# Client has apparent undeclared income



## Jim Davis (19 May 2009)

Turns out a client is driving a 2006 BMW 635 despite only declaring an average PAYE income on their tax return, as director of their company. They're also cribbing about CT bill.

Any advice on what to do? (hypothetical situation of course)


----------



## callybags (19 May 2009)

Surely it's not your problem. He has to sign the tax form.

He could have won the car in a raffle, been willed it, htere could be numerous explanations.


----------



## Padraigb (19 May 2009)

It could be OP's problem if he is being asked to certify accounts.

There are clients that are not worth having.


----------



## DBRAN (19 May 2009)

It is most definately the OP's problem.

There is a possible reporting requirement under the Criminal Justice Act for a start _*IF*_ you think there is serious tax evasion going on.

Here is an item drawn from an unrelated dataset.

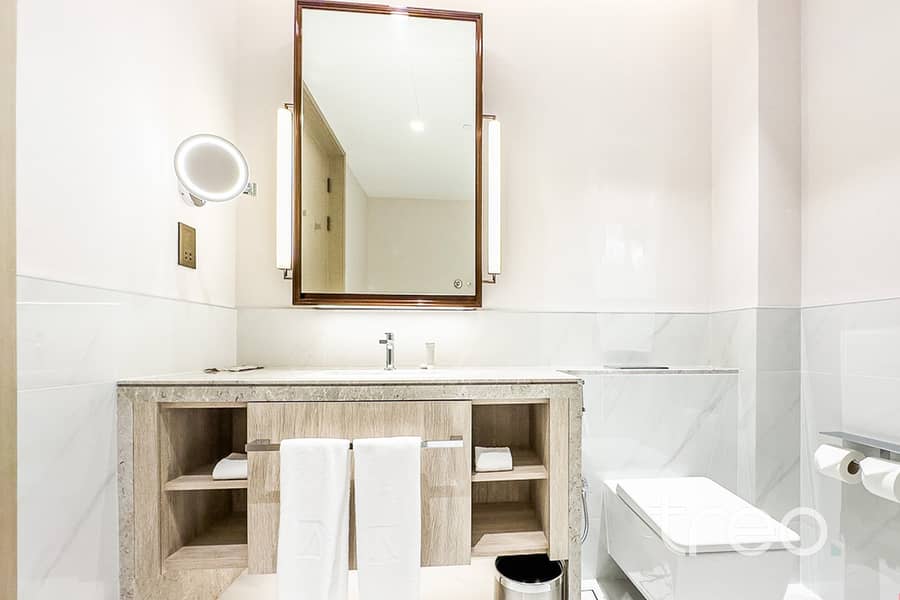8 3003 Address Harbour Point Tower 2, The Lagoons - 9. jpg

There could be a number of reasons for this though which could be quite explainable. I would ask the client how he is able to fund his lifestyle as it seems to be unsupported by the known income. See what he says before you jump to conclusions.

If it turns out your worst fears then you may need to consider getting rid of them. 


DB


----------



## rob30 (19 May 2009)

There has to be an anonymous way of doing this, for example, to bring in an audit from revenue.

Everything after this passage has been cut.